Determine how many lines in the records below include the word "with" and output that number alone.
------------
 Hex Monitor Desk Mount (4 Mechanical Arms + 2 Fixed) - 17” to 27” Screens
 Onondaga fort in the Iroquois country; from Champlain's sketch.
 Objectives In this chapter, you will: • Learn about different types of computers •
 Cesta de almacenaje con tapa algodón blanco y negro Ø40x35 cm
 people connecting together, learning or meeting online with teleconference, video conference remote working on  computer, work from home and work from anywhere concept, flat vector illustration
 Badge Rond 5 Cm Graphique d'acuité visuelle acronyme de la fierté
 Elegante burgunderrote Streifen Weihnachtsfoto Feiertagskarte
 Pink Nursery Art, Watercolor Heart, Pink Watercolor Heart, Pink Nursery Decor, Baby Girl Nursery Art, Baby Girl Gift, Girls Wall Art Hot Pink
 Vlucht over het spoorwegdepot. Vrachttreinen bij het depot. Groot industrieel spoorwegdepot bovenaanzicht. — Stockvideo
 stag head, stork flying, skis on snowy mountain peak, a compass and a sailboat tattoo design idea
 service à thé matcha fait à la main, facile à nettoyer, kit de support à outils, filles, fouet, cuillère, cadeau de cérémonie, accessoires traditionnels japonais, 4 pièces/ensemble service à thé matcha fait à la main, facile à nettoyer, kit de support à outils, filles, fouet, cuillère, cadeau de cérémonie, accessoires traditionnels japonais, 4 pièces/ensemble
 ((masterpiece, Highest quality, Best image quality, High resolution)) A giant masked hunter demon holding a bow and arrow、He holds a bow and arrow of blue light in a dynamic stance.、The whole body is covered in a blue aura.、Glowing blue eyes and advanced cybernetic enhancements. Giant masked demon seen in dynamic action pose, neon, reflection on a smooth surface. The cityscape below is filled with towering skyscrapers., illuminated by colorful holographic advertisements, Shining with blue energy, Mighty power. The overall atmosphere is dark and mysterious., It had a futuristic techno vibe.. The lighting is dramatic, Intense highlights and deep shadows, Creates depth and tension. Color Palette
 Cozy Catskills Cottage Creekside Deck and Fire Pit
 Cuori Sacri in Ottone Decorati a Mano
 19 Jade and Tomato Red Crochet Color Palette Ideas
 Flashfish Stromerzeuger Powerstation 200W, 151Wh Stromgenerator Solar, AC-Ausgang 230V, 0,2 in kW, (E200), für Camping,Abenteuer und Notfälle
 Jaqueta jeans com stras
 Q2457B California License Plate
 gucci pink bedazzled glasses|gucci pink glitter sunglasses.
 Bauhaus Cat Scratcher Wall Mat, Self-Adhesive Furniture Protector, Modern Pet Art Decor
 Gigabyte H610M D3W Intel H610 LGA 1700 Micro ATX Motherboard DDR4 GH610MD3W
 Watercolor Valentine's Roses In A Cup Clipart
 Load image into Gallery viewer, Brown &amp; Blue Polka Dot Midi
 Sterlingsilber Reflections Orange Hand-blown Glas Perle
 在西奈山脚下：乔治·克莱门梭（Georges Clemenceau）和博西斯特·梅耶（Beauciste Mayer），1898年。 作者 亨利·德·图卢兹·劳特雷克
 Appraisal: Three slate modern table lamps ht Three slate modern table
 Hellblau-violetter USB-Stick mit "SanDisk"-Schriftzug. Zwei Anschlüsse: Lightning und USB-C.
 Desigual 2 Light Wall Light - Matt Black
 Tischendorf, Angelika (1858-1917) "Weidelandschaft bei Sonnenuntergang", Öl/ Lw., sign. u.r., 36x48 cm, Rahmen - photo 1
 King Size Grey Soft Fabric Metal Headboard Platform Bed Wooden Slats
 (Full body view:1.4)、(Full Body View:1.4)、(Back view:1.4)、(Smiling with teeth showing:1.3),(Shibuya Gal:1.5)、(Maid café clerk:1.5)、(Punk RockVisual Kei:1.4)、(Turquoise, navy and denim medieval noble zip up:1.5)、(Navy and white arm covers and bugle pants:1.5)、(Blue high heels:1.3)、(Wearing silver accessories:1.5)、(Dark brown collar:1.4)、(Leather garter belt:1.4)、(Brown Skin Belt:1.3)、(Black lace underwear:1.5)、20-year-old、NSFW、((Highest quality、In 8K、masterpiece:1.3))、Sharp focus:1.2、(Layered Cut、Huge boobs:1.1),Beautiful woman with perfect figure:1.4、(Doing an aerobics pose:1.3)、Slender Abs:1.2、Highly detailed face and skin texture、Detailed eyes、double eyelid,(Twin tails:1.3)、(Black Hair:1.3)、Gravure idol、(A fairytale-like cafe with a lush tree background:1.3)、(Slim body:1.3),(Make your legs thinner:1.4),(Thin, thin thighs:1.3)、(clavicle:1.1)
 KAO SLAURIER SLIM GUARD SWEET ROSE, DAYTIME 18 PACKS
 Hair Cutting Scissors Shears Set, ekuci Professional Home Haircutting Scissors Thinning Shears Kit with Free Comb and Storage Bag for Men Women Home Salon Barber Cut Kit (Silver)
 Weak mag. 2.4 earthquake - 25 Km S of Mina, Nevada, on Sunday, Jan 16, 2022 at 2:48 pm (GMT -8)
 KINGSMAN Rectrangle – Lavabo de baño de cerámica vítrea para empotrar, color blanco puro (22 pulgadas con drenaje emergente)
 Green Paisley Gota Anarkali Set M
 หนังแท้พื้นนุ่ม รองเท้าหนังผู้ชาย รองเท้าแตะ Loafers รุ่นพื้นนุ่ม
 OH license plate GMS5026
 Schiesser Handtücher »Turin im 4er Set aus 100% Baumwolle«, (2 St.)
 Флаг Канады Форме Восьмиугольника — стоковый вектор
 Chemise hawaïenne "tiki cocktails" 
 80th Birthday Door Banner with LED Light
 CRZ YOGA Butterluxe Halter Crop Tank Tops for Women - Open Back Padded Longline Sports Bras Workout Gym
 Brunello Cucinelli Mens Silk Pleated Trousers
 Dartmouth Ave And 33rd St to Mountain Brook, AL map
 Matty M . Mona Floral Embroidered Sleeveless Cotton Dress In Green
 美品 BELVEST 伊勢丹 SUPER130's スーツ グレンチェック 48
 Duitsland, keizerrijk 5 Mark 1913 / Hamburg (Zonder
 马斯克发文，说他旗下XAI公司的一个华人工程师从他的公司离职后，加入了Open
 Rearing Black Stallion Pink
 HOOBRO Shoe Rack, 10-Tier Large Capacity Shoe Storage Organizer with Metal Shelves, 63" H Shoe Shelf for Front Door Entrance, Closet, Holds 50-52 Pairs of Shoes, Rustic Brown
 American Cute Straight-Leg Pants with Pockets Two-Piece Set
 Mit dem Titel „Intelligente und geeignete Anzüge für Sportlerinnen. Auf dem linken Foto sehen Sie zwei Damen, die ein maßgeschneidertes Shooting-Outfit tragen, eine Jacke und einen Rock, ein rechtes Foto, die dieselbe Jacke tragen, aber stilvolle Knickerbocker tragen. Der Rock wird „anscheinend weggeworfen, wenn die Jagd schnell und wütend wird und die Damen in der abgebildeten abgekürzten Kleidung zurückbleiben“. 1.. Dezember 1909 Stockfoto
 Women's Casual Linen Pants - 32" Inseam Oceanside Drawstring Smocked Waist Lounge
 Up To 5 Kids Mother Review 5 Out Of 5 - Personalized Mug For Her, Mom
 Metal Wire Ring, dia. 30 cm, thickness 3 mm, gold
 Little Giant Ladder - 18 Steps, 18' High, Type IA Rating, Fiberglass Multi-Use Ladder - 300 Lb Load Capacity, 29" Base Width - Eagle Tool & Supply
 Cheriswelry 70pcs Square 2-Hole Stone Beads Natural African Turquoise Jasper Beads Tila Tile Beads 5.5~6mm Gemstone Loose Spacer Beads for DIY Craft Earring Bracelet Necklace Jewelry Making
------------
● TASK OUTPUT:
7